Dr. Ettinger: Non-clinically is going to be reimbursement. That is going to be key, in my opinion. And, you know, when 62% of all the bankruptcies in this country are due to healthcare, we have a problem. There has to be a shared responsibility. Put it this way. Doctors are being asked now by hospitals to share the risk. It seems to me the pharmaceutical industry has to do the same thing. Share the risk. In other words, it’s one thing if you’re going to get a drug that has a 60%, 70% response rate and it’s going to cost. It’s another thing if you’re going to get a drug, say an immunologic drug, that has a 15% response rate and that’s about $11,000 every two to three weeks.

It seems to me the pharmaceutical industry should be sharing the risk. For instance, give the patient a drug for nothing for the first two cycles, and if they’re responding, then one can charge. Is that being done in other countries? It is. It is actually being done with other drugs, maybe not just in oncology. We pay more for drugs than anybody in the world, and that is a different issue. It seems to me the Food and Drug Administration (FDA) has to be given the right to ask about price, because if it doesn’t happen, you know as well as I that there are companies that tell practices what they should charge.

Abscopal Effect

When metastatic cancer is treated by radiation, localized therapy may shrink not only the tumor being directly treated, but also more distant tumors. This abscopal effect occurs due to the migration of irradiated tissues into the circulation; the passage of unexposed lymphocytes through irradiated tissues; and the release of humoral factors and microvesicles shed from the plasma membrane of irradiated cells.
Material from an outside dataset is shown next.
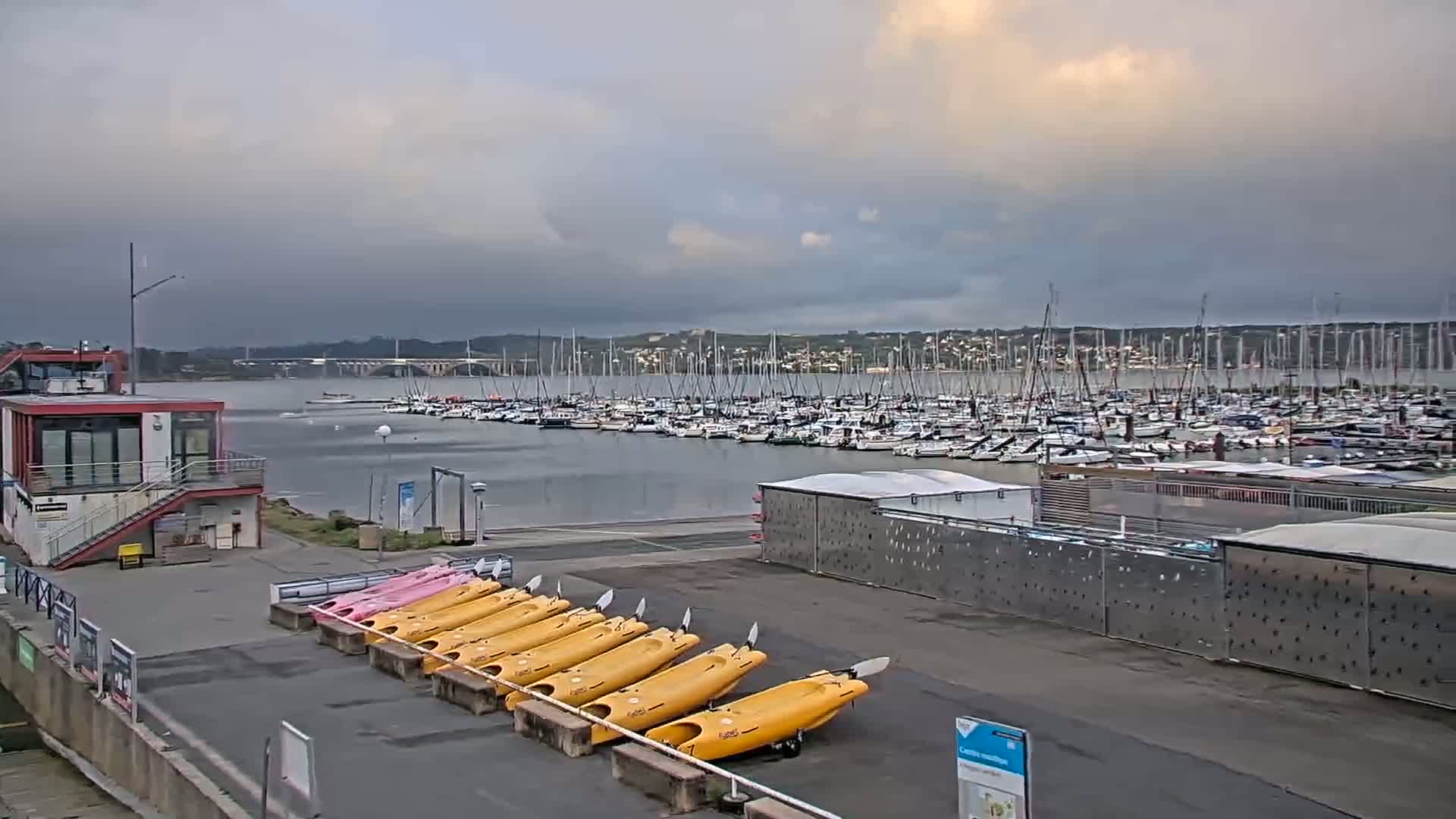Guipavas, Marina du Moulin Blanc Marina Live Cam - Brest, Finistère, Bretagne, France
Clinically, you’re going to see many combinations of not only ipilimumab and nivolumab, but also combinations with chemotherapy or targeted therapy, and we know that people are looking at combining checkpoint inhibitors with radiation oncology, looking for an abscopal effect. My institution partnered with Memorial Sloan Kettering to study I-O before surgery and we’re seeing some dramatic responses;1 so maybe neoadjuvant I-O therapy is going to happen too. We also already know that clinicians need to know something about mutation load, because if patients have a mutation load, they have a better chance of responding.

All those things we have to work on in the lab and in clinical trials to come to some better handle on can we pick the right patient to get the right drug. And we already know that combinations are a little more toxic than single agent. And so, you might see oral immunotherapy down the road. That would be phenomenal because then you can start giving oral therapy and rotate it, and rotate the drugs in some fashion. I think it’s exciting times.


  1. Chaft JE, Forde PM, Smith KN, et al. Neoadjuvant nivolumab in early-stage, resectable non-small cell lung cancers. J Clin Oncol 35, 2017 (suppl; abstr 8508).
  2. Basch E, Deal AM, Kris MG, et al. Symptom monitoring with patient-reported outcomes during routine cancer treatment: A randomized controlled trial. J Clin Oncol. 2016;34(6):557-565.
  3. Basch EM, Deal AM, Dueck AC, et al. Overall survival results of a randomized trial assessing patient-reported outcomes for symptom monitoring during routine cancer treatment. J Clin Oncol 35, 2017 (suppl; abstr LBA2).